What is a group captive plant?
Under the Electricity Rules, a captive generating plant is one set up to generate power primarily for the use of its owners. A group captive extends this to multiple consumers who collectively own the plant through a special purpose vehicle (SPV). Because the consumers are owners, the power is treated as self-consumed — and self-consumption is exempt from the cross-subsidy and additional surcharges that apply to ordinary open access.
The two non-negotiable conditions
To qualify as captive and retain the surcharge exemption, the structure must satisfy two tests on an ongoing basis:
- The 26% equity rule: the captive consumers must collectively hold not less than 26% of the equity (with voting rights) in the SPV that owns the plant.
- The 51% consumption rule: the captive consumers must collectively consume not less than 51% of the energy generated, in proportion to their shareholding (within the permitted variation band).

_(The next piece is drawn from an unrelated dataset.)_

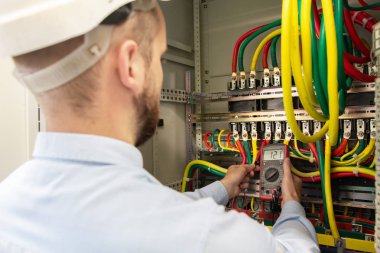 Elektrik kabininde multimetre ile çalışan elektrikçi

These are not one-time checks. Captive status is verified — and the proportionality of consumption to ownership must be maintained year on year, or the exemption can be lost retrospectively.
Key Takeaways
- Group captive lets multiple consumers co-own a plant via an SPV.
- Captive power is self-consumed — exempt from cross-subsidy and additional surcharge.
- Consumers must hold ≥26% equity and consume ≥51% of generation, proportionally.
- Compliance is verified annually; lapses can trigger retrospective surcharge demands.
- Savings can be substantial, but structuring and governance are critical.
Why consumers choose it
The appeal is straightforward: by avoiding the cross-subsidy surcharge and accessing power near generation cost, group captive can deliver savings that pure open access cannot match in high-CSS states. It also provides long-term price certainty — valuable for energy-intensive industries exposed to volatile grid tariffs.
The risks to manage
The structure's benefits flow entirely from maintaining valid captive status. The main risks are:
- Consumption drift: if a consumer's actual offtake falls out of proportion with its shareholding, the captive test can fail.
- Equity changes: share transfers or exits that breach the 26% threshold jeopardise the whole group's status.
- Documentation gaps: annual certification and proper records are essential to defend the exemption.
- Exit complexity: a consumer leaving the SPV affects the proportionality for everyone else.
Is it right for you?
Group captive suits consumers with stable, predictable load who can commit to a long-term ownership relationship and disciplined governance. It is less suited to consumers with volatile demand or short planning horizons. The savings are among the best available in Indian power — but they are earned through careful structuring and sustained compliance, not just a signed agreement.